Work item >>
For the records below, print every one exactly, with nothing dropped.
[Data excerpts]
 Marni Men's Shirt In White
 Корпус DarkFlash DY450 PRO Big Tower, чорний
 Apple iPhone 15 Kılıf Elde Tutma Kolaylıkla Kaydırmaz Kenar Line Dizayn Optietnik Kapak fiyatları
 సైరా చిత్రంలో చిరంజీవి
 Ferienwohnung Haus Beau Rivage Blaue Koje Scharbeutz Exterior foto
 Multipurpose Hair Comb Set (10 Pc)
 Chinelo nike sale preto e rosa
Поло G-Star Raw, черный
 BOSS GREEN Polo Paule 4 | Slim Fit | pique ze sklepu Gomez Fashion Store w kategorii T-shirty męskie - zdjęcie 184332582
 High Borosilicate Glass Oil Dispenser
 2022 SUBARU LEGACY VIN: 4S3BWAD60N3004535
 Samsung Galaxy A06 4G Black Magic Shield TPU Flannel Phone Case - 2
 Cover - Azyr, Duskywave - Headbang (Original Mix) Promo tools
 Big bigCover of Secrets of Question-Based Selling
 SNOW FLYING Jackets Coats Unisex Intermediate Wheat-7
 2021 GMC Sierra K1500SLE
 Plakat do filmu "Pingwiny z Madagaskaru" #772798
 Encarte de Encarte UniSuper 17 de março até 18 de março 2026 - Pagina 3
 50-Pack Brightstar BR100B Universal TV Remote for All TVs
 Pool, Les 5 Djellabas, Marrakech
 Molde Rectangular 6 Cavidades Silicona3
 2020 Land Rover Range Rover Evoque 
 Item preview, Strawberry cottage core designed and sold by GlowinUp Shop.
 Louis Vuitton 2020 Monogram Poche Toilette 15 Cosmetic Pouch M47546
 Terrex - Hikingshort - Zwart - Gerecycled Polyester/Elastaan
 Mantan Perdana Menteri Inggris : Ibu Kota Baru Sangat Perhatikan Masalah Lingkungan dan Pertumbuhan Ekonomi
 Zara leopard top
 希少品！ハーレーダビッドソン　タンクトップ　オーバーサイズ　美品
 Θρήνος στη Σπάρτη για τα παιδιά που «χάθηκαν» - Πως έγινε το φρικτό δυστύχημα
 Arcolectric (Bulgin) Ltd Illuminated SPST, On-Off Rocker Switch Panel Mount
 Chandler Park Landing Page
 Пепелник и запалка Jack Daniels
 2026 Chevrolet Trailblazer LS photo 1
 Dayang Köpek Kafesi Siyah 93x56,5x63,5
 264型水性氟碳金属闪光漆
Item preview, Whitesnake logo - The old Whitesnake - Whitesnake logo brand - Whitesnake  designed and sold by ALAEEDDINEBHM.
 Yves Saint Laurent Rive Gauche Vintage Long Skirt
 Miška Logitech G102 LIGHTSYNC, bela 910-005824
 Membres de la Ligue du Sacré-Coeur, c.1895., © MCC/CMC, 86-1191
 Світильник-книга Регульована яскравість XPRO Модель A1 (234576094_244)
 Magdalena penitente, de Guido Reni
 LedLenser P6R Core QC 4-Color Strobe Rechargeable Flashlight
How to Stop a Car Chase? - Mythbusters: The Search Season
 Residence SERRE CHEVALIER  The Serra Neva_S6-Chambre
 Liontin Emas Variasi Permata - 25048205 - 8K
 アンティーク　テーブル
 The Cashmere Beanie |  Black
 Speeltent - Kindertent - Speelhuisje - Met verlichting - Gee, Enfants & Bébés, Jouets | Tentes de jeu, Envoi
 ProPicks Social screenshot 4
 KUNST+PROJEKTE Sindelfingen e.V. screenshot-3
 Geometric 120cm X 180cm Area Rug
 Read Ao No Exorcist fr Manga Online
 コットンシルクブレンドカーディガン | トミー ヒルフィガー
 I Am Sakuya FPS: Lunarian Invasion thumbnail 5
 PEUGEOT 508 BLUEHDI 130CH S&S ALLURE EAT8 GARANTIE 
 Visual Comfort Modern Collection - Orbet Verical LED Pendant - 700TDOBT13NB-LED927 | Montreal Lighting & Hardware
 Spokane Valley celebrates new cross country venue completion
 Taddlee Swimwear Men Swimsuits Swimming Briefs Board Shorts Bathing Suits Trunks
[/Data excerpts]
The answer >>
 Marni Men's Shirt In White
 Корпус DarkFlash DY450 PRO Big Tower, чорний
 Apple iPhone 15 Kılıf Elde Tutma Kolaylıkla Kaydırmaz Kenar Line Dizayn Optietnik Kapak fiyatları
 సైరా చిత్రంలో చిరంజీవి
 Ferienwohnung Haus Beau Rivage Blaue Koje Scharbeutz Exterior foto
 Multipurpose Hair Comb Set (10 Pc)
 Chinelo nike sale preto e rosa
Поло G-Star Raw, черный
 BOSS GREEN Polo Paule 4 | Slim Fit | pique ze sklepu Gomez Fashion Store w kategorii T-shirty męskie - zdjęcie 184332582
 High Borosilicate Glass Oil Dispenser
 2022 SUBARU LEGACY VIN: 4S3BWAD60N3004535
 Samsung Galaxy A06 4G Black Magic Shield TPU Flannel Phone Case - 2
 Cover - Azyr, Duskywave - Headbang (Original Mix) Promo tools
 Big bigCover of Secrets of Question-Based Selling
 SNOW FLYING Jackets Coats Unisex Intermediate Wheat-7
 2021 GMC Sierra K1500SLE
 Plakat do filmu "Pingwiny z Madagaskaru" #772798
 Encarte de Encarte UniSuper 17 de março até 18 de março 2026 - Pagina 3
 50-Pack Brightstar BR100B Universal TV Remote for All TVs
 Pool, Les 5 Djellabas, Marrakech
 Molde Rectangular 6 Cavidades Silicona3
 2020 Land Rover Range Rover Evoque 
 Item preview, Strawberry cottage core designed and sold by GlowinUp Shop.
 Louis Vuitton 2020 Monogram Poche Toilette 15 Cosmetic Pouch M47546
 Terrex - Hikingshort - Zwart - Gerecycled Polyester/Elastaan
 Mantan Perdana Menteri Inggris : Ibu Kota Baru Sangat Perhatikan Masalah Lingkungan dan Pertumbuhan Ekonomi
 Zara leopard top
 希少品！ハーレーダビッドソン　タンクトップ　オーバーサイズ　美品
 Θρήνος στη Σπάρτη για τα παιδιά που «χάθηκαν» - Πως έγινε το φρικτό δυστύχημα
 Arcolectric (Bulgin) Ltd Illuminated SPST, On-Off Rocker Switch Panel Mount
 Chandler Park Landing Page
 Пепелник и запалка Jack Daniels
 2026 Chevrolet Trailblazer LS photo 1
 Dayang Köpek Kafesi Siyah 93x56,5x63,5
 264型水性氟碳金属闪光漆
Item preview, Whitesnake logo - The old Whitesnake - Whitesnake logo brand - Whitesnake  designed and sold by ALAEEDDINEBHM.
 Yves Saint Laurent Rive Gauche Vintage Long Skirt
 Miška Logitech G102 LIGHTSYNC, bela 910-005824
 Membres de la Ligue du Sacré-Coeur, c.1895., © MCC/CMC, 86-1191
 Світильник-книга Регульована яскравість XPRO Модель A1 (234576094_244)
 Magdalena penitente, de Guido Reni
 LedLenser P6R Core QC 4-Color Strobe Rechargeable Flashlight
How to Stop a Car Chase? - Mythbusters: The Search Season
 Residence SERRE CHEVALIER  The Serra Neva_S6-Chambre
 Liontin Emas Variasi Permata - 25048205 - 8K
 アンティーク　テーブル
 The Cashmere Beanie |  Black
 Speeltent - Kindertent - Speelhuisje - Met verlichting - Gee, Enfants & Bébés, Jouets | Tentes de jeu, Envoi
 ProPicks Social screenshot 4
 KUNST+PROJEKTE Sindelfingen e.V. screenshot-3
 Geometric 120cm X 180cm Area Rug
 Read Ao No Exorcist fr Manga Online
 コットンシルクブレンドカーディガン | トミー ヒルフィガー
 I Am Sakuya FPS: Lunarian Invasion thumbnail 5
 PEUGEOT 508 BLUEHDI 130CH S&S ALLURE EAT8 GARANTIE 
 Visual Comfort Modern Collection - Orbet Verical LED Pendant - 700TDOBT13NB-LED927 | Montreal Lighting & Hardware
 Spokane Valley celebrates new cross country venue completion
 Taddlee Swimwear Men Swimsuits Swimming Briefs Board Shorts Bathing Suits Trunks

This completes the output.